The changes could also have serious ramifications for spouses who consent to RRIF transfers without fully understanding the implications of their actions. They may be surprised to discover, on the death of the member, that the assets in the RRIF have been depleted, and no joint and survivor pension is payable from the spouse’s former employer.

Previously, on termination of employment, pension funds could only be transferred to a LIRA. Also under the previous regulations, where a pension plan allowed a transfer of the commuted value upon retirement, funds could be transferred to, and subsequently paid out from, an annuity, LIF or LRIF. However, LIFs and LRIFs had withdrawal limits, which were viewed as inflexible, particularly in a period of low investment returns. The Income Tax Act (ITA) only requires minimum — but not maximum — withdrawals from RRIFs. Therefore, these amendments effectively remove the withdrawal limits formerly imposed on LIFs and LRIFs.
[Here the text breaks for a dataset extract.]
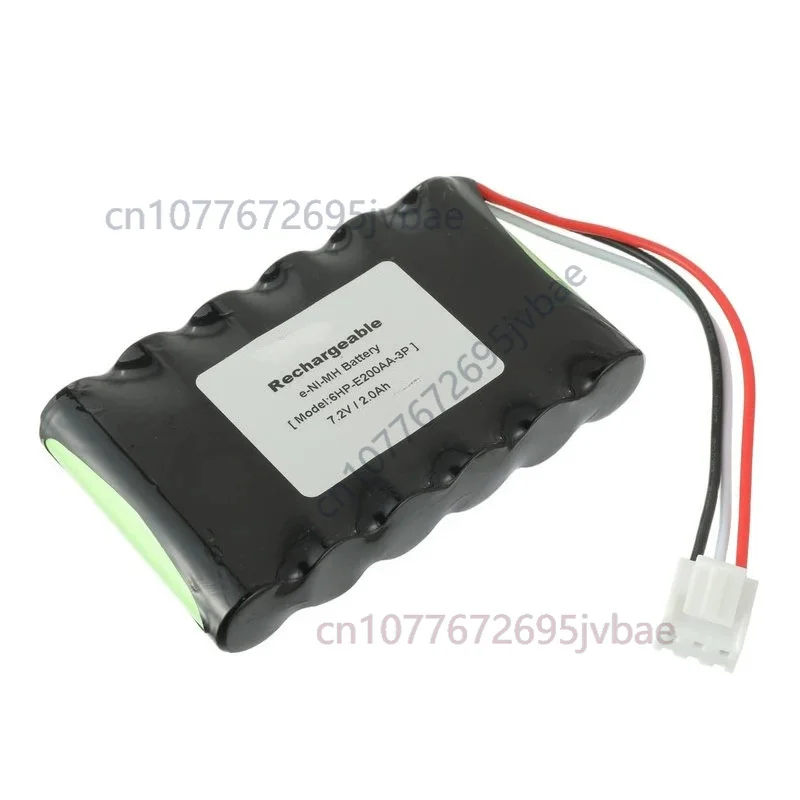 Rechargeable Replacement Battery FOR CARE VISION OM100 6HP-E200AA-3P Spare Battery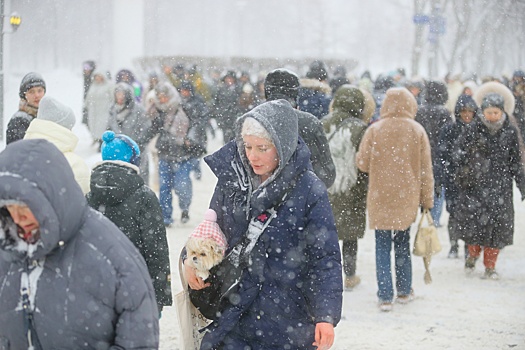 Циклон "Ольга" на юге оставил тысячи людей без света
Pension plans can also allow retiring employees to transfer accrued pension funds into RRIFs. However, plan sponsors can require members to receive a pension if they terminate on or after early retirement age. Sponsors are not obligated to offer portability options, including a transfer of funds to a RRIF, in these circumstances.
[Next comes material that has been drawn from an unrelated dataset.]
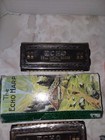 Vintage M Hohner Harmonicas Harp Lot of 5 Echo  Chromonica Germany A/D  G/C  C — photo 2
In addition to including the RRIF as a portability option, Saskatchewan’s Form 1, Spouse’s Waiver Under a Locked-in Retirement Account, and Form 2, Spouse’s Waiver Under a Pension Plan, have been repealed and replaced by three new forms. Each form is accompanied by a page of comments and instructions which strongly urges the spouse to seek independent advice from a lawyer and a financial advisor before completing the forms.

Form 1 is a new consent form, entitled Spouse’s Consent to Transfer to a Registered Retirement Income Fund Contract. To be valid, it must be signed by the spouse in the presence of a witness and outside the presence of the contract owner before assets may be transferred into a RRIF. Informed completion of this form is important because a RRIF contract has no limit on the amount of annual income that may be withdrawn. The owner could withdraw the entire balance in the contract, leaving the spouse with no survivor benefit payable on the death of the owner.

Form 2, the Spouse’s Waiver of Designated Beneficiary Status, will permit a spouse to waive entitlement as the designated beneficiary of a RRIF if the form is signed in the presence of a witness and outside the presence of the contract owner. If the form is not completed and filed with the issuer of the RRIF, on the death of the owner the balance of the money will be paid to the owner’s spouse who survives the owner for 30 days. Where there is no surviving spouse, where the spouse does not survive the owner for 30 days or more, or where the surviving spouse has signed Form 2 and the waiver has been filed with the issuer of the contract, the balance of the money goes to the beneficiary or to the personal representative of the owner’s estate, if there is no designated beneficiary.

Form 3, the Spouse’s Waiver of 60% Post-Retirement Survivor Benefit, has also been added. To be valid, it must be signed by the spouse in the presence of a witness and outside the immediate presence of the retiree not earlier than 90 days prior to the date that the pension payments are to commence. The waiver may be revoked at any time prior to the commencement of the pension payments by providing notice in writing to the plan administrator or the contract issuer.

Actions for plan sponsors with Saskatchewan members

In response to these regulatory changes, plan sponsors with Saskatchewan members may wish to:

•review plan provisions for portability options on or after the member’s early retirement date; and

•decide whether offering portability options at retirement which are permitted but not mandatory are in line with their overall pension philosophy.

Where transfers of commuted value at retirement are currently not available, and the plan sponsor decides to permit portability options including RRIFs, the plan sponsor should:

•initiate an enhanced employee communications program, including a financial education component on the role of RRIFs to provide income and preserve assets throughout a retiree’s lifetime, and

•review the statement of investment policies and procedures to ensure investment strategies are in line with increased cash flow needs.